(MATERIAL FOR THIS TASK Opens)
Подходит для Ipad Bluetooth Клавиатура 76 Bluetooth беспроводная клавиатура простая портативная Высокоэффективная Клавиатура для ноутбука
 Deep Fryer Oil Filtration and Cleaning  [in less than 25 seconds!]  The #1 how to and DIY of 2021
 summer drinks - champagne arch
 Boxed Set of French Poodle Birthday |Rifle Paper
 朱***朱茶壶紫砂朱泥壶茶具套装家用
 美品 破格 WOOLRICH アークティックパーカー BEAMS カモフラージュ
(MATERIAL FOR THIS TASK Closes)
• REQUIRED ACTION
Everything in the material above needs to be transcribed exactly.

• YOUR RESPONSE
Подходит для Ipad Bluetooth Клавиатура 76 Bluetooth беспроводная клавиатура простая портативная Высокоэффективная Клавиатура для ноутбука
 Deep Fryer Oil Filtration and Cleaning  [in less than 25 seconds!]  The #1 how to and DIY of 2021
 summer drinks - champagne arch
 Boxed Set of French Poodle Birthday |Rifle Paper
 朱***朱茶壶紫砂朱泥壶茶具套装家用
 美品 破格 WOOLRICH アークティックパーカー BEAMS カモフラージュ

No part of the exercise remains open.